Steve McClaren reflects on Newcastle United PR disaster
Steve McClaren has reflected on his disastrous spell at Newcastle United.
McClaren, appointed as the club’s head coach in the summer of 2015, lasted just eight months in the job. He was replaced by by Rafa Benitez after a home defeat to Eddie Howe’s Bournemouth side.
The club was relegated at the end of the season, despite a sizeable investment in players, notably Florian Thauvin, at the start of the campaign. The club also signed Jonjo Shelvey and Henri Saivet in the Jauary window.
McClaren was appointed to a four-man board with managing director Lee Charnley, chief scout Graham Carr and former captain Bob Moncur.
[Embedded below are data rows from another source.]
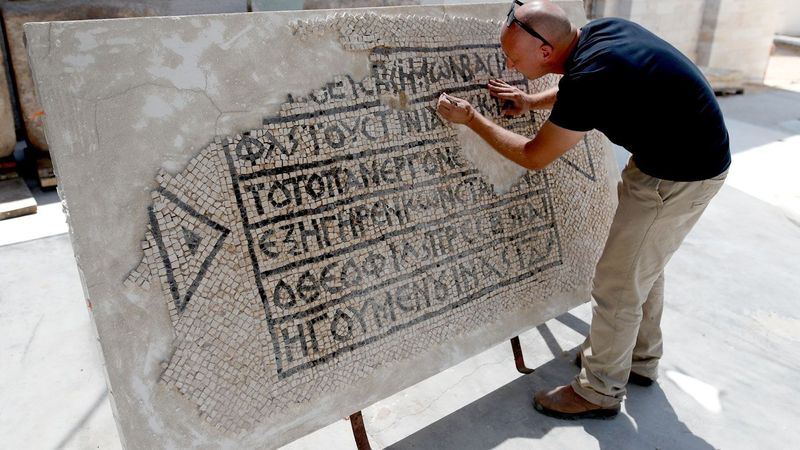 archaeologist working on the mosaic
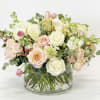 Pale blush and peach roses mingle with soft white lisianthus and airy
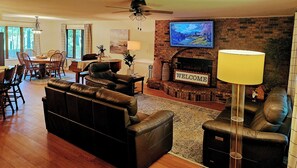 Una sala de estar con chimenea, televisor y sofá.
Speaking at the time, Charnley said: “It was particularly important for us that the head coach also became a board member in order to gain a full understanding and appreciation for the club and its operations as a whole, not just the football side.
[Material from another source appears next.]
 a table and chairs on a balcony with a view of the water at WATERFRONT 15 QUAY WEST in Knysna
"In Steve, we have an individual that embraced that responsibility."
However, McClaren, recruited by Charnley, says he made a “big mistake” by taking the job without meeting then-owner Mike Ashley – as he didn’t know his “vision”.
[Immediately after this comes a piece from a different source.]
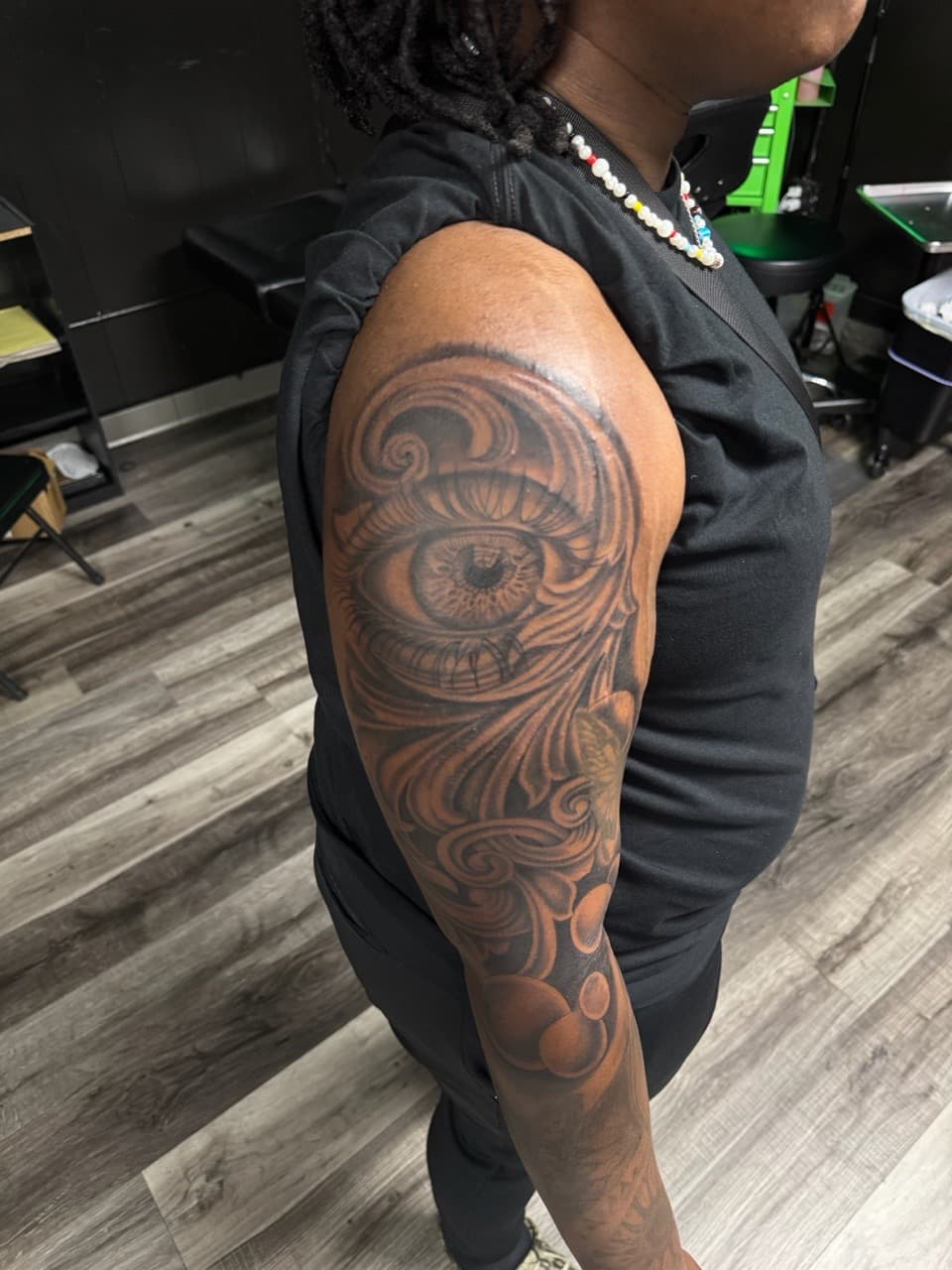 Black & Grey + Illustrative eye tattoo on Half Sleeve by Inkheadz on TattMe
“Going into Newcastle, I never met the owner, so I didn't really know what the vision was," the 60-year-old told The McClaren Performance Podcast.
"I didn't really know what success looked like on and off the field. I just wanted the job. I made a big mistake.
"I just wanted the job, and didn't find out the real vision, direction, what success looked like, what I needed to do on and off the field, and how I was to communicate with the owner, who's the most important person at a football club.
"Usually, you communicate, not in pairs, but in threes so it's always, say, myself, the CEO and the owner or myself, the technical director/sporting director and the owner. I never had that, and that was a massive thing that I didn't really know the vision.”
McClaren wasn’t helped by the decision taken by the club’s hierarchy to limit media access on his first day in charge to one national newspaper and one broadcaster, branded the club’s “preferred media partners”.
"So meeting the press, and trying to influence the press, was difficult, because for my first press conference, one member of the press was allowed to interview me and one person from Sky, so there were 26 other people from the media outside the stadium not allowed in,” said McClaren. “This is my first day.
"I knew a few of them, and a few of them phoned me up and said 'Steve, you've just made the biggest mistake ever on your first day of the job by excluding the press’. I apologised.”
McClaren did get the club to provide tea and biscuits for journalists at his media briefings during the season proper, but he was unable to answer key questions on recruitment.
"Every time we had a press conference, there was no tea or biscuits or anything in the room,” said the former England manager.
“I brought that in for them, but there was no way I could get round them after that first day so, therefore, I was on a downer already, and I couldn't be honest with my messages to the press."